* _Brief_
As the answer, give exactly the lines of the records below from the one with "Mug Papillon Super MOM" through the one with "Night Vision Scope", ends included and pictures left out.

* _Input records_
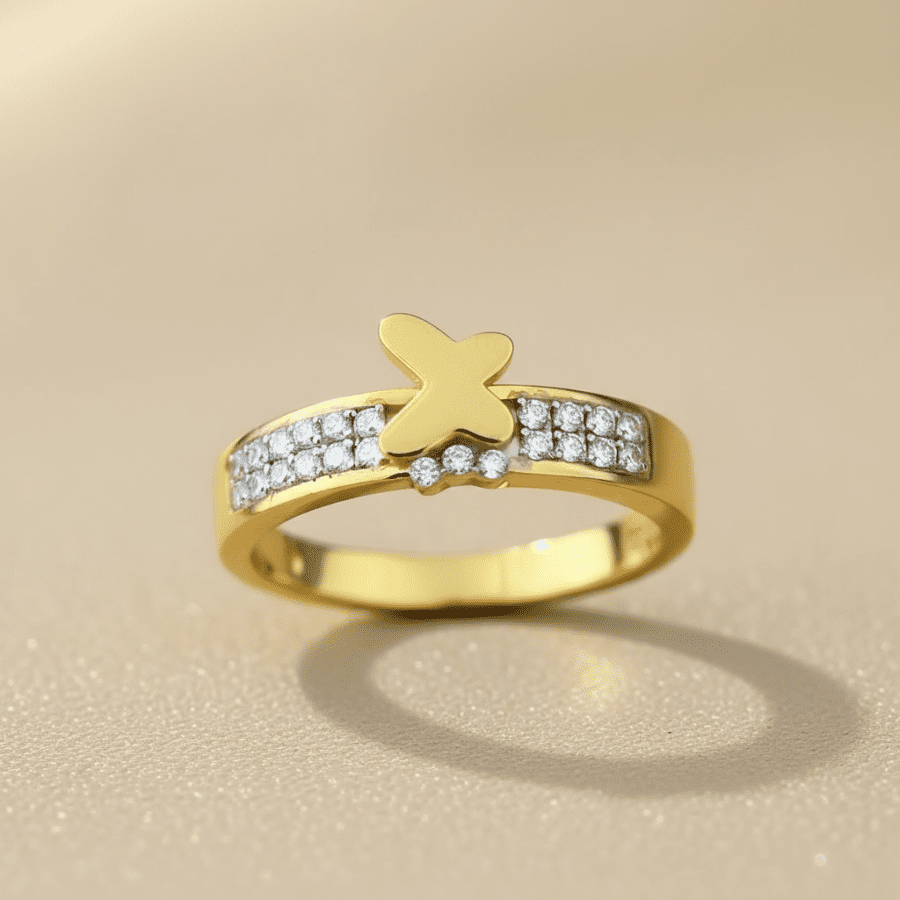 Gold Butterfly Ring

* * *

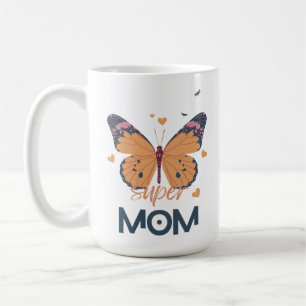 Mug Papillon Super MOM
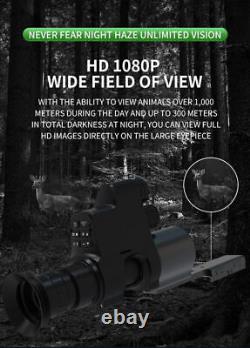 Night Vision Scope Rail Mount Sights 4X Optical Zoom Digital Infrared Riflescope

==

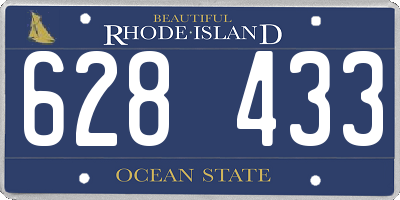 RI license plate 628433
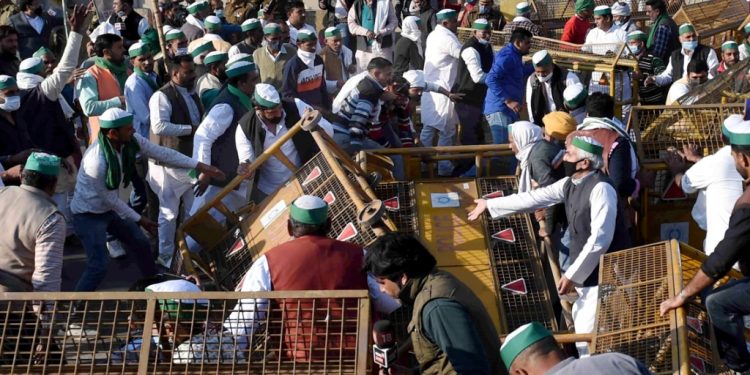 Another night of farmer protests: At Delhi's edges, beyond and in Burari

* _Answer to this task_
 Mug Papillon Super MOM
 Night Vision Scope Rail Mount Sights 4X Optical Zoom Digital Infrared Riflescope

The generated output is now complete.